The profound import of the changes we are experiencing is difficult to overstate. Many of the effects are being felt in the expanding demands for rules and order being imposed on the legal system. Alan Hunt argued that `[t]he central problematic of juristic theory has been to provide a socially persuasive-that is relevant to a particular sociohistorical situation-account of the grounds of legitimacy of the existing legal order and through that of the existing social order.'(fn5) Yet at the point where we most need a `socially persuasive account' we are in an increasingly intense situation of dispute and conflict over what should be the terms of that account.

In analyzing the lamentable conditions he witnessed emerging in Europe, Albert Schweitzer observed that we face one of the most critical challenges in our history.(fn6) He warned that the sheer magnitude of what we are experiencing represents a unique situation.(fn7) If this warning is correct, our history may provide less guidance in finding answers than we would like. One of the most critical differences Schweitzer and others have perceived is captured in his description of the rise of ever more sweeping and pervasive institutional control over our lives. While institutions have always played key roles in shaping our lives and culture, the expansion of their dominance, capability and persuasiveness, and the lack of positive behavioral values within the primary secular institutions have combined into a profoundly dehumanizing and inescapable force.

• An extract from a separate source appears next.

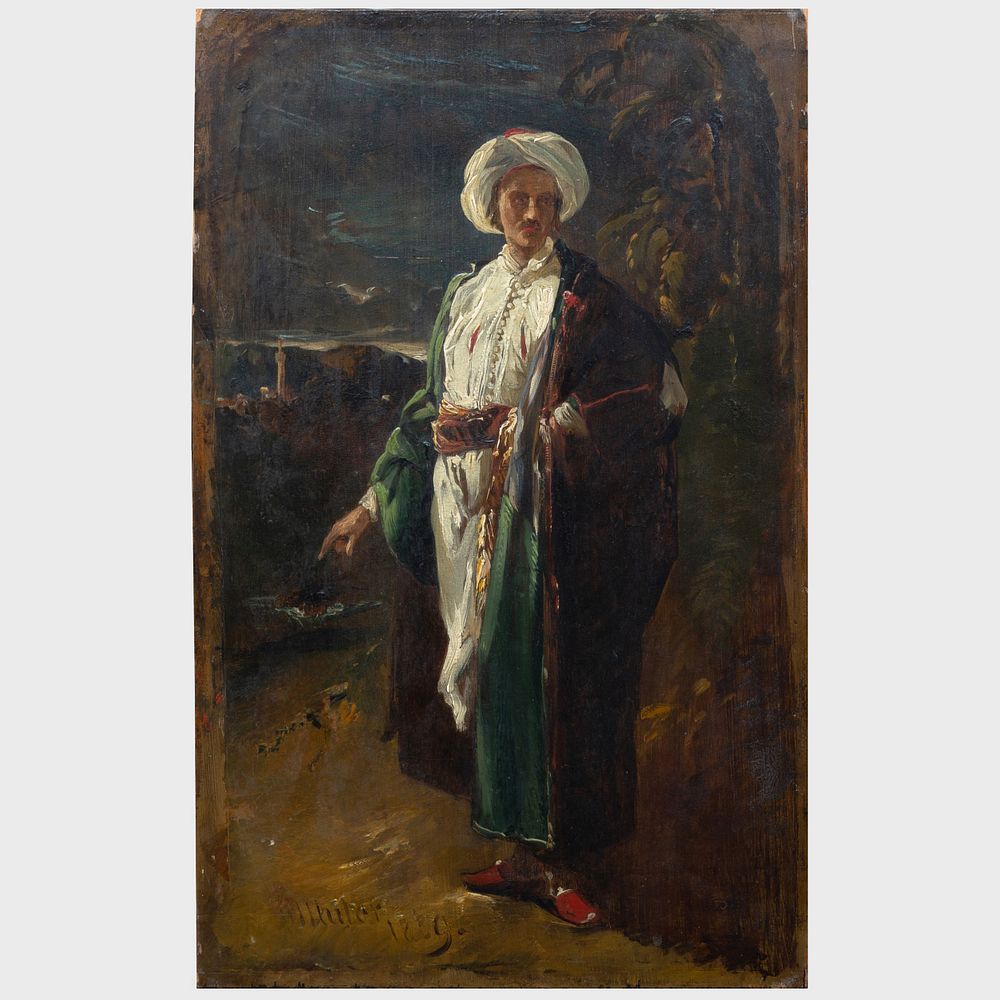 Appraisal: William James Muller - Englishman Wearing Turkish Costume Oil on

In terms of understanding how we should deal with the social transformation we have been experiencing for more than a generation, Schweitzer argued:

[N]o historical analogy can tell us much. The past has, no doubt, seen the struggle of the free-thinking individual against the fettered spirit of a whole society, but the problem has never presented itself on the scale on which it does to-day, because the fettering of the collective spirit . . . by modern organizations, [by] modern unreflectiveness, and [by] modern popular passions, is a phenomenon without precedent in history.(fn8)
It is important to understand the implications of Schweitzer's threepart analysis. The troubling difference he identifies is being powered by not a single isolated factor but the powerful combination of dehumanizing institutional control with the enhanced techniques provided by our `persuasion machinery.' Added to this is the lack of deep and 660

keen critical thought and the reliance on fads, stereotypes and unreflective political passions that have coalesced into a system that seems incapable of being effectively managed or engaging in honest discourse. That is the context in which we are attempting to construct a socially persuasive account strong enough to guide our difficult choices. The problem, however, is that we cannot construct a substantive moral account on which enough of us can agree. Given this reality we must more than ever be willing to submit our disputes to mitigation and partial resolution through the processes of the adversary system. We are caught within the dynamics of a culture whose primary characteristics are conflict and change. For the foreseeable future we must rely on the authoritative processes of the adversary system as a central device by which that conflict and change are managed.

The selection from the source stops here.